# what boat ramps are there that you dont have to pay to use?



## matthewy8 (Feb 5, 2008)

what boat ramps are there in the GB and Pcola area that you dont have to pay to use???


----------



## Fish on! (Apr 20, 2008)

There is one if you go southdown Navy blvd and turn right onto sunset and cross the bridge you will see it on the right, right below. Its not a bad place.

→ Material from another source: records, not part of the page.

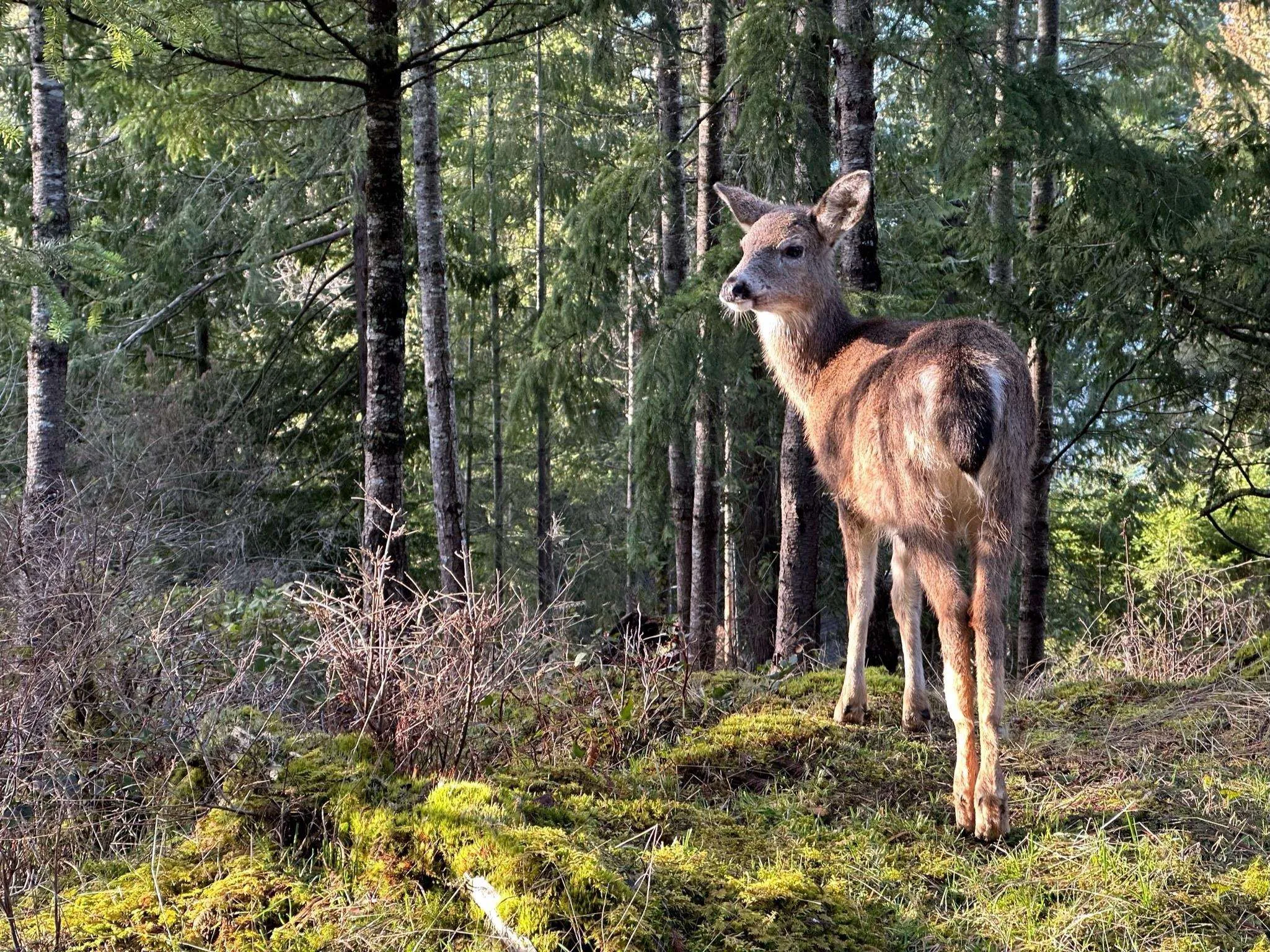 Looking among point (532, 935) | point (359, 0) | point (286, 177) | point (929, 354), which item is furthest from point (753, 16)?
point (286, 177)

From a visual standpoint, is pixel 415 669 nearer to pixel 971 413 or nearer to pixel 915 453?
pixel 915 453

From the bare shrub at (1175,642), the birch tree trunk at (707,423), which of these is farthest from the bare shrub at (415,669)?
the birch tree trunk at (707,423)

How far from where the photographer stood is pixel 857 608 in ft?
19.3

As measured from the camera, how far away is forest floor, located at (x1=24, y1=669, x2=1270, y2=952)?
3.34 meters

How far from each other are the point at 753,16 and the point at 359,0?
2.87m

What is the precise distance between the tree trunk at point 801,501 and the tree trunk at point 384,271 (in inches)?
111

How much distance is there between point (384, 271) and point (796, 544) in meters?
3.66

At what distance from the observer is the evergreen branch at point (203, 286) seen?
1602cm

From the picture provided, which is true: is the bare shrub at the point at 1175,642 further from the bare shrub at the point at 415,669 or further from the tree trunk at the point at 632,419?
the bare shrub at the point at 415,669

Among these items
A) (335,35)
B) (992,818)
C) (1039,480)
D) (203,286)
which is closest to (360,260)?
(203,286)

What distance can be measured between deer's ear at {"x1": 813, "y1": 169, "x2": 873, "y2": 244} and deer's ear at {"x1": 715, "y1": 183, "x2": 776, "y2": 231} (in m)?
0.55

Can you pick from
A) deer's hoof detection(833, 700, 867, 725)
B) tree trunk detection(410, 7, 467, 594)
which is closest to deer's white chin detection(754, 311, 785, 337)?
deer's hoof detection(833, 700, 867, 725)

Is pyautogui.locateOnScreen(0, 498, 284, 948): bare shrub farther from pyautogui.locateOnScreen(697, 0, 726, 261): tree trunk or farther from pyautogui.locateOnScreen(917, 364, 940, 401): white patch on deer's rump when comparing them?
pyautogui.locateOnScreen(697, 0, 726, 261): tree trunk

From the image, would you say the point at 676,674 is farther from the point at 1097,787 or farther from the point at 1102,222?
the point at 1102,222
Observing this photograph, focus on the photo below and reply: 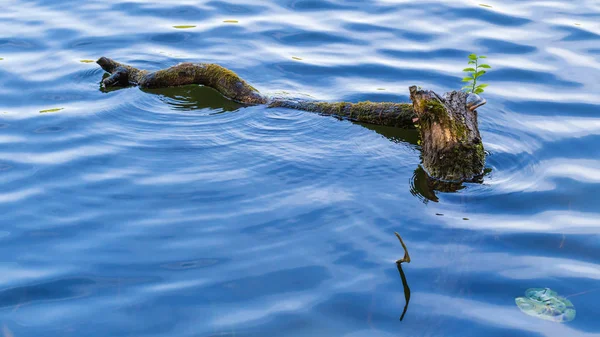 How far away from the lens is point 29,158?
20.6 ft

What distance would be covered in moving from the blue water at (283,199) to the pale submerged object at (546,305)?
2.8 inches

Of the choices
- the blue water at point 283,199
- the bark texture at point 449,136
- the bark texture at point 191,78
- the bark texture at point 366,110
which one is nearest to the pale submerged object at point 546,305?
the blue water at point 283,199

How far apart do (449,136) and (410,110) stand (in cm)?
105

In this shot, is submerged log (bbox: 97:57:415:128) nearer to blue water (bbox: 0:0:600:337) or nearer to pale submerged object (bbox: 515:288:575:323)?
blue water (bbox: 0:0:600:337)

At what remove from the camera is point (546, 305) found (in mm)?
4312

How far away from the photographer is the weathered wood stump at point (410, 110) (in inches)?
219

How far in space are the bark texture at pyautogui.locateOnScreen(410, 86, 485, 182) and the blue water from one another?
0.65 feet

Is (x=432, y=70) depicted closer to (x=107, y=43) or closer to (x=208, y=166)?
(x=208, y=166)

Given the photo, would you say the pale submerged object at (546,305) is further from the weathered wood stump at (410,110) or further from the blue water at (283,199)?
the weathered wood stump at (410,110)

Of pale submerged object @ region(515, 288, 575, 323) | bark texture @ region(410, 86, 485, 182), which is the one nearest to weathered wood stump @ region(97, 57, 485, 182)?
bark texture @ region(410, 86, 485, 182)

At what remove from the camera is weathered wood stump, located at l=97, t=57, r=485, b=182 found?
556 centimetres

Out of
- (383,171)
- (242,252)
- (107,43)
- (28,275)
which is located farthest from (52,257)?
(107,43)

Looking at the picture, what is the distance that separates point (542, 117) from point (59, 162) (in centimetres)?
507

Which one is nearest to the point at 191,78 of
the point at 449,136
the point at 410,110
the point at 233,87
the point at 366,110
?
the point at 233,87
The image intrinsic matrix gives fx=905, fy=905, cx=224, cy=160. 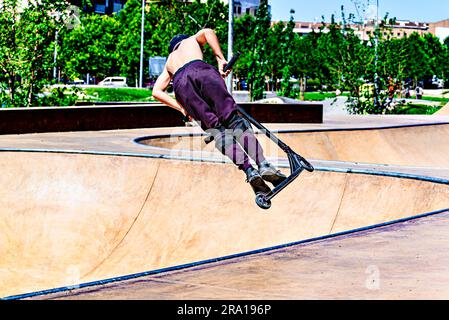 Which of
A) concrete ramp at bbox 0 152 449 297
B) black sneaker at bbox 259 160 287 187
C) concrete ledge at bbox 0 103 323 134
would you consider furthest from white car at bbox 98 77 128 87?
black sneaker at bbox 259 160 287 187

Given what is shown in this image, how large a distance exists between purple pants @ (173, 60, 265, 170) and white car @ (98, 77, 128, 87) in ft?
236

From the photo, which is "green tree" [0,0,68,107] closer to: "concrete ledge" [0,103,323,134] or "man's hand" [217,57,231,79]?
"concrete ledge" [0,103,323,134]

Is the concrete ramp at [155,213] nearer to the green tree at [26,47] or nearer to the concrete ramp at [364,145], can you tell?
the concrete ramp at [364,145]

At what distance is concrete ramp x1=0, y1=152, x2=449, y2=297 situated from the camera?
9.59 metres

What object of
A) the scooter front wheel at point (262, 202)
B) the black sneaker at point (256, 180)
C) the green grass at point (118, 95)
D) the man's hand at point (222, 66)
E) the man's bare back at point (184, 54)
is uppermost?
the man's bare back at point (184, 54)

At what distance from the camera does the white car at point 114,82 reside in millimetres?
78463

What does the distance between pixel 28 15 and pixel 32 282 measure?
549 inches

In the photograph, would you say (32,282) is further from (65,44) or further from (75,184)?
(65,44)

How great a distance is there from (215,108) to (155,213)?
4.35 metres

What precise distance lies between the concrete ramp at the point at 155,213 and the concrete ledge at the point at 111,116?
6.61 meters

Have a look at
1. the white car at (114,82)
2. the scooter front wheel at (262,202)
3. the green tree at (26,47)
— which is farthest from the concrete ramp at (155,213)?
the white car at (114,82)

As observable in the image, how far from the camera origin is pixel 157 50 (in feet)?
252

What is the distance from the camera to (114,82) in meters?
81.1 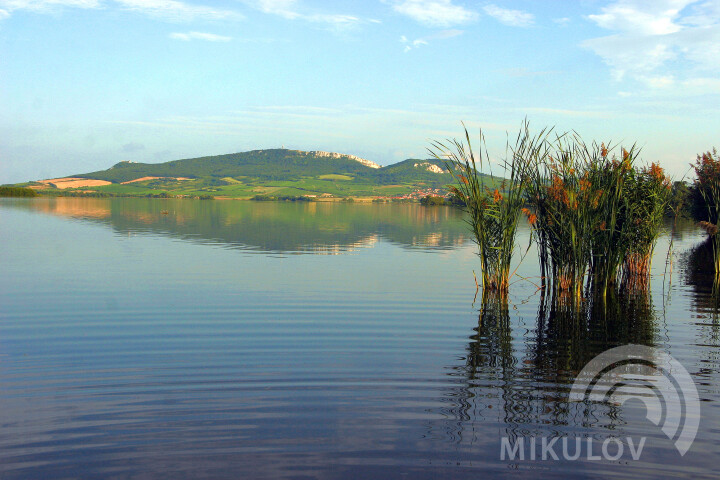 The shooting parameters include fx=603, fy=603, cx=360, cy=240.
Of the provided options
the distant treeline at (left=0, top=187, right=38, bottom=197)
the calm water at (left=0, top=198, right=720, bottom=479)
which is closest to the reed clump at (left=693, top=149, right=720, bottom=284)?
the calm water at (left=0, top=198, right=720, bottom=479)

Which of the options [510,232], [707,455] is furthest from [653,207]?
[707,455]

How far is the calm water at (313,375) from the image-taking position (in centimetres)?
646

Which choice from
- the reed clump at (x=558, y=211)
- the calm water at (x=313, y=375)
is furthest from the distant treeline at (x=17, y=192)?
the reed clump at (x=558, y=211)

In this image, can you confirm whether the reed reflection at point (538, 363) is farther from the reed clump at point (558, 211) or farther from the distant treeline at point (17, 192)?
Answer: the distant treeline at point (17, 192)

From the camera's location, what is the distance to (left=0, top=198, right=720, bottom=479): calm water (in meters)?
6.46

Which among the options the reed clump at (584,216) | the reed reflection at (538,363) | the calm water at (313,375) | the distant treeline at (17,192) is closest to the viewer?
the calm water at (313,375)

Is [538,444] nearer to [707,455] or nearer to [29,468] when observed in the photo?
[707,455]

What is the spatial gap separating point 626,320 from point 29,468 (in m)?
13.1

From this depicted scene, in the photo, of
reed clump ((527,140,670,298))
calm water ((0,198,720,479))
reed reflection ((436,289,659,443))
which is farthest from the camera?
reed clump ((527,140,670,298))

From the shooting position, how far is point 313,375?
9.54 meters

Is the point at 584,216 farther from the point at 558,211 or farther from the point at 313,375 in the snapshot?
the point at 313,375

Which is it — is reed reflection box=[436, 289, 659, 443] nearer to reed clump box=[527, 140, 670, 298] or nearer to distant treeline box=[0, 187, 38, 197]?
reed clump box=[527, 140, 670, 298]

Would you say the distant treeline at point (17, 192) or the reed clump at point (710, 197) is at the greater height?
the distant treeline at point (17, 192)

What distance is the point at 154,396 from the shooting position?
8422mm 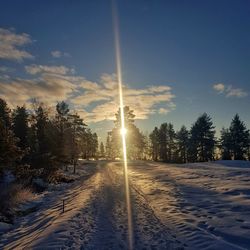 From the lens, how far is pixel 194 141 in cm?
6931

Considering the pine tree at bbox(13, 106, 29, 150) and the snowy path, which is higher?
the pine tree at bbox(13, 106, 29, 150)

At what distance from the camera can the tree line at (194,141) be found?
2452 inches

Also you can use the one thats on the Pensacola side of the three mile bridge depending on boat size... that one is a little rough to use with a large boat 

Im sure there is more but my grandpa is retired military so we almost always use the one on the base


----------



## rocklobster (Oct 1, 2007)

Depending on the size of your boat, there are three in GB. One is on the south end, west side of the 3 mile bridge. One is Oriole Beach, going down 98 heading east, turn right at Barnhills, go to the stop sign, turn left, then the next right. Can't miss it. It's wide enough, but you have to watch the tides as it does get shallow at low. The third is off or Redfish Drive, but it really would only work with jon boats or jet skis. There is sort of one on P'cola beach. It is o.k. for small craft like Redfish Drive, but it is shallow.


----------



## matthewy8 (Feb 5, 2008)

from what i understand you have to pay to use the one on the south end of the 3 mile bridge.


----------



## sailfish23 (Mar 24, 2008)

nope dont think so..ur thinking of shoreline...plus the one on the beach is free...but a little shaky on bigger boats


----------



## Sig (Oct 4, 2007)

The ramp at the GB side of 3 mile does charge but no one ever pays. They have a drop box and you are suppose to place the tag in your windshield and no I am not talking about Shoreline.


----------



## matthewy8 (Feb 5, 2008)

id hate to get a ticket for not paying. thats stupid they charge to park there. is shoreline the one behind GB high school??


----------



## Out Align (Oct 18, 2007)

There is also the ramp at bayou texar off of Cervantes. It isagreat ramp very wide and deep but if you are going out of the bayou it is a long winding no wake zone to get to the bay.


----------



## matthewy8 (Feb 5, 2008)

you mmight as well use 17th if you are going into the bay unless there are no parking places on 17th.


----------



## Out Align (Oct 18, 2007)

17th is ok for some but not for big boats also the tide can be pretty bad at times and the parking lot is so small it fills up very quick.


----------



## matthewy8 (Feb 5, 2008)

yeah you are right about the tide thing. i put in last week sometime and i just about had to back the whole damn truck into the water to get the boat out lol. and that was after i had tried on the gulf breeze side. i backed the truck down the gb side to where my rear tires on the truckwere just starting to get into the water and i still had about a foot to go before the water would even touch the boat lol.


----------



## sailfish23 (Mar 24, 2008)

> *matthewy8 (5/12/2008)*id hate to get a ticket for not paying. thats stupid they charge to park there. is shoreline the one behind GB high school??


yep


----------